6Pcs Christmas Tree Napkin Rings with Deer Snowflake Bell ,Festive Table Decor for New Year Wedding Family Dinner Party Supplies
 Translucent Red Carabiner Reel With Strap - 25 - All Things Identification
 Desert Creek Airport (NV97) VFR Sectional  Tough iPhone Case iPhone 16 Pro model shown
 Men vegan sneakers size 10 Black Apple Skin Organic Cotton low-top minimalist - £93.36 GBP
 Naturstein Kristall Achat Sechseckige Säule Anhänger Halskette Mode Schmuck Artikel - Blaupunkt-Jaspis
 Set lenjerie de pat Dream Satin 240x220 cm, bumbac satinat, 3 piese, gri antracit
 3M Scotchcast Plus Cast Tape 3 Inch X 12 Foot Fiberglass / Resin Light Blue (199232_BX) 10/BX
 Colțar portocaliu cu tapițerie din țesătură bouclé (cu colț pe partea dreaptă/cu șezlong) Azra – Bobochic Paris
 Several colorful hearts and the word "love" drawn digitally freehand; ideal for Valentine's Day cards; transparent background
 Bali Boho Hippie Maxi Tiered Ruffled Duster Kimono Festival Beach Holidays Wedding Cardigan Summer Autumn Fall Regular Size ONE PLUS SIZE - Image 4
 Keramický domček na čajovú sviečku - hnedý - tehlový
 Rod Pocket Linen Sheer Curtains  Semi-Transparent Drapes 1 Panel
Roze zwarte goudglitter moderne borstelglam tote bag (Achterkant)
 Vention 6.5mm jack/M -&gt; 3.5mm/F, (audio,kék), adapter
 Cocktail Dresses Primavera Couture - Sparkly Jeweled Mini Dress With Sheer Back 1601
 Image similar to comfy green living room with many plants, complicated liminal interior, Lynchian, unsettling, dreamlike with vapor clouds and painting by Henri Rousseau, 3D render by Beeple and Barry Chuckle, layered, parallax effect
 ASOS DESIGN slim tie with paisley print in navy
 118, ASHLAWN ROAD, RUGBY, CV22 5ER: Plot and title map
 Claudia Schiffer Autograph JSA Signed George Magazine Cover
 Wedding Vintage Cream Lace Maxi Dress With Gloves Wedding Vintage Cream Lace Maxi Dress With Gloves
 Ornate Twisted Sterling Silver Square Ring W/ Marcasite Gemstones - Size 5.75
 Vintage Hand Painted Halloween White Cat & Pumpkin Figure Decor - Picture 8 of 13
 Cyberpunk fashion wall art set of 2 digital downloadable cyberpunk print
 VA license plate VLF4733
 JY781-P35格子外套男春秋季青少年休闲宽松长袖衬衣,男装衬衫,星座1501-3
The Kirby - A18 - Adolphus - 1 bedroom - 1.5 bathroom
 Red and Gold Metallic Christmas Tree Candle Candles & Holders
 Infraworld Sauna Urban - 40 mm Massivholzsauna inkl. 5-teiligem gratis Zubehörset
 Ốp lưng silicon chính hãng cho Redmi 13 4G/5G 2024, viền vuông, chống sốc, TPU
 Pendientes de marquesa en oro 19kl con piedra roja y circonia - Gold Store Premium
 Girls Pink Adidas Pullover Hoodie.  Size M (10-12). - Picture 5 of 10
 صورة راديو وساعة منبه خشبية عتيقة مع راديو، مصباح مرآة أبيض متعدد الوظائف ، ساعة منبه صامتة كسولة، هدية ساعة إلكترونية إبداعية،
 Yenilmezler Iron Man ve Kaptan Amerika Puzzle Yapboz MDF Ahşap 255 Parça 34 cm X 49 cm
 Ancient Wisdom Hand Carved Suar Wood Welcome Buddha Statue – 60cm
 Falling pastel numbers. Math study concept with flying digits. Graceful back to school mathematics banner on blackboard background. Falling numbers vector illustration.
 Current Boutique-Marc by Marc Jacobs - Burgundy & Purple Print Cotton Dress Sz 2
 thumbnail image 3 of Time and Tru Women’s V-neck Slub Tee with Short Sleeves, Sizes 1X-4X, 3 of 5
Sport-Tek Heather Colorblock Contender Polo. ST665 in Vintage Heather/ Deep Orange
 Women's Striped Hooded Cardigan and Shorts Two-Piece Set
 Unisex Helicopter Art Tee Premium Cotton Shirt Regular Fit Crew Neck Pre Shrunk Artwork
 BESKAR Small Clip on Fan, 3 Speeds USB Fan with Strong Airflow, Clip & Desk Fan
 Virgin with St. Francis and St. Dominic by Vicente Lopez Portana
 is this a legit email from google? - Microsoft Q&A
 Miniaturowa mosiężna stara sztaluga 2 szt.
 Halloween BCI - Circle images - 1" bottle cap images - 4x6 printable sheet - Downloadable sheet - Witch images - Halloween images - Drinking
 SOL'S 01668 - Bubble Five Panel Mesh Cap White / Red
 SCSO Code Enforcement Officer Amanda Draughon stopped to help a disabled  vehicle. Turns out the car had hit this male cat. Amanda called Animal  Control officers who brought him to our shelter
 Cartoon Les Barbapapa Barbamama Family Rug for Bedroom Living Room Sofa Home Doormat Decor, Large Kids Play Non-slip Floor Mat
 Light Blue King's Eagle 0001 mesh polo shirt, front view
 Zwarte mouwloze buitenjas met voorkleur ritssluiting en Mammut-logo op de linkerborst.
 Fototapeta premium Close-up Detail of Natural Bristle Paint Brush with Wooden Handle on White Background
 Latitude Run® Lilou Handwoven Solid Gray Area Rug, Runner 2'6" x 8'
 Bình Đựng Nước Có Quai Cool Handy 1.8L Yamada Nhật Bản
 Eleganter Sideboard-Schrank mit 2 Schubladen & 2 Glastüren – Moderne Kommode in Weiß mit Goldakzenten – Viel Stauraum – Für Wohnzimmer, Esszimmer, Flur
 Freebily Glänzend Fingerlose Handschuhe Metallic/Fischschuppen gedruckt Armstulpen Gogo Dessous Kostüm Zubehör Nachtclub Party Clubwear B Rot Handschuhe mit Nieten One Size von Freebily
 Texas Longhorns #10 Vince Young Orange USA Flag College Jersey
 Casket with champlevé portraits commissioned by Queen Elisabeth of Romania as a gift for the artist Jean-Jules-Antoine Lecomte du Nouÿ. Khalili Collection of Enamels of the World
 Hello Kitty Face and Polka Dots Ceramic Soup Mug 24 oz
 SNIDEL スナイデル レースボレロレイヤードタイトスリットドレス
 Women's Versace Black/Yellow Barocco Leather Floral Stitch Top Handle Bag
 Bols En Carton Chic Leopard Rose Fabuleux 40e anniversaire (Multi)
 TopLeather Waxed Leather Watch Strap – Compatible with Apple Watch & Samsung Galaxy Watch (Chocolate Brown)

══════

→ **Work required**: Print out all the entries precisely as written.

→ **Completed exercise**:
6Pcs Christmas Tree Napkin Rings with Deer Snowflake Bell ,Festive Table Decor for New Year Wedding Family Dinner Party Supplies
 Translucent Red Carabiner Reel With Strap - 25 - All Things Identification
 Desert Creek Airport (NV97) VFR Sectional  Tough iPhone Case iPhone 16 Pro model shown
 Men vegan sneakers size 10 Black Apple Skin Organic Cotton low-top minimalist - £93.36 GBP
 Naturstein Kristall Achat Sechseckige Säule Anhänger Halskette Mode Schmuck Artikel - Blaupunkt-Jaspis
 Set lenjerie de pat Dream Satin 240x220 cm, bumbac satinat, 3 piese, gri antracit
 3M Scotchcast Plus Cast Tape 3 Inch X 12 Foot Fiberglass / Resin Light Blue (199232_BX) 10/BX
 Colțar portocaliu cu tapițerie din țesătură bouclé (cu colț pe partea dreaptă/cu șezlong) Azra – Bobochic Paris
 Several colorful hearts and the word "love" drawn digitally freehand; ideal for Valentine's Day cards; transparent background
 Bali Boho Hippie Maxi Tiered Ruffled Duster Kimono Festival Beach Holidays Wedding Cardigan Summer Autumn Fall Regular Size ONE PLUS SIZE - Image 4
 Keramický domček na čajovú sviečku - hnedý - tehlový
 Rod Pocket Linen Sheer Curtains  Semi-Transparent Drapes 1 Panel
Roze zwarte goudglitter moderne borstelglam tote bag (Achterkant)
 Vention 6.5mm jack/M -&gt; 3.5mm/F, (audio,kék), adapter
 Cocktail Dresses Primavera Couture - Sparkly Jeweled Mini Dress With Sheer Back 1601
 Image similar to comfy green living room with many plants, complicated liminal interior, Lynchian, unsettling, dreamlike with vapor clouds and painting by Henri Rousseau, 3D render by Beeple and Barry Chuckle, layered, parallax effect
 ASOS DESIGN slim tie with paisley print in navy
 118, ASHLAWN ROAD, RUGBY, CV22 5ER: Plot and title map
 Claudia Schiffer Autograph JSA Signed George Magazine Cover
 Wedding Vintage Cream Lace Maxi Dress With Gloves Wedding Vintage Cream Lace Maxi Dress With Gloves
 Ornate Twisted Sterling Silver Square Ring W/ Marcasite Gemstones - Size 5.75
 Vintage Hand Painted Halloween White Cat & Pumpkin Figure Decor - Picture 8 of 13
 Cyberpunk fashion wall art set of 2 digital downloadable cyberpunk print
 VA license plate VLF4733
 JY781-P35格子外套男春秋季青少年休闲宽松长袖衬衣,男装衬衫,星座1501-3
The Kirby - A18 - Adolphus - 1 bedroom - 1.5 bathroom
 Red and Gold Metallic Christmas Tree Candle Candles & Holders
 Infraworld Sauna Urban - 40 mm Massivholzsauna inkl. 5-teiligem gratis Zubehörset
 Ốp lưng silicon chính hãng cho Redmi 13 4G/5G 2024, viền vuông, chống sốc, TPU
 Pendientes de marquesa en oro 19kl con piedra roja y circonia - Gold Store Premium
 Girls Pink Adidas Pullover Hoodie.  Size M (10-12). - Picture 5 of 10
 صورة راديو وساعة منبه خشبية عتيقة مع راديو، مصباح مرآة أبيض متعدد الوظائف ، ساعة منبه صامتة كسولة، هدية ساعة إلكترونية إبداعية،
 Yenilmezler Iron Man ve Kaptan Amerika Puzzle Yapboz MDF Ahşap 255 Parça 34 cm X 49 cm
 Ancient Wisdom Hand Carved Suar Wood Welcome Buddha Statue – 60cm
 Falling pastel numbers. Math study concept with flying digits. Graceful back to school mathematics banner on blackboard background. Falling numbers vector illustration.
 Current Boutique-Marc by Marc Jacobs - Burgundy & Purple Print Cotton Dress Sz 2
 thumbnail image 3 of Time and Tru Women’s V-neck Slub Tee with Short Sleeves, Sizes 1X-4X, 3 of 5
Sport-Tek Heather Colorblock Contender Polo. ST665 in Vintage Heather/ Deep Orange
 Women's Striped Hooded Cardigan and Shorts Two-Piece Set
 Unisex Helicopter Art Tee Premium Cotton Shirt Regular Fit Crew Neck Pre Shrunk Artwork
 BESKAR Small Clip on Fan, 3 Speeds USB Fan with Strong Airflow, Clip & Desk Fan
 Virgin with St. Francis and St. Dominic by Vicente Lopez Portana
 is this a legit email from google? - Microsoft Q&A
 Miniaturowa mosiężna stara sztaluga 2 szt.
 Halloween BCI - Circle images - 1" bottle cap images - 4x6 printable sheet - Downloadable sheet - Witch images - Halloween images - Drinking
 SOL'S 01668 - Bubble Five Panel Mesh Cap White / Red
 SCSO Code Enforcement Officer Amanda Draughon stopped to help a disabled  vehicle. Turns out the car had hit this male cat. Amanda called Animal  Control officers who brought him to our shelter
 Cartoon Les Barbapapa Barbamama Family Rug for Bedroom Living Room Sofa Home Doormat Decor, Large Kids Play Non-slip Floor Mat
 Light Blue King's Eagle 0001 mesh polo shirt, front view
 Zwarte mouwloze buitenjas met voorkleur ritssluiting en Mammut-logo op de linkerborst.
 Fototapeta premium Close-up Detail of Natural Bristle Paint Brush with Wooden Handle on White Background
 Latitude Run® Lilou Handwoven Solid Gray Area Rug, Runner 2'6" x 8'
 Bình Đựng Nước Có Quai Cool Handy 1.8L Yamada Nhật Bản
 Eleganter Sideboard-Schrank mit 2 Schubladen & 2 Glastüren – Moderne Kommode in Weiß mit Goldakzenten – Viel Stauraum – Für Wohnzimmer, Esszimmer, Flur
 Freebily Glänzend Fingerlose Handschuhe Metallic/Fischschuppen gedruckt Armstulpen Gogo Dessous Kostüm Zubehör Nachtclub Party Clubwear B Rot Handschuhe mit Nieten One Size von Freebily
 Texas Longhorns #10 Vince Young Orange USA Flag College Jersey
 Casket with champlevé portraits commissioned by Queen Elisabeth of Romania as a gift for the artist Jean-Jules-Antoine Lecomte du Nouÿ. Khalili Collection of Enamels of the World
 Hello Kitty Face and Polka Dots Ceramic Soup Mug 24 oz
 SNIDEL スナイデル レースボレロレイヤードタイトスリットドレス
 Women's Versace Black/Yellow Barocco Leather Floral Stitch Top Handle Bag
 Bols En Carton Chic Leopard Rose Fabuleux 40e anniversaire (Multi)
 TopLeather Waxed Leather Watch Strap – Compatible with Apple Watch & Samsung Galaxy Watch (Chocolate Brown)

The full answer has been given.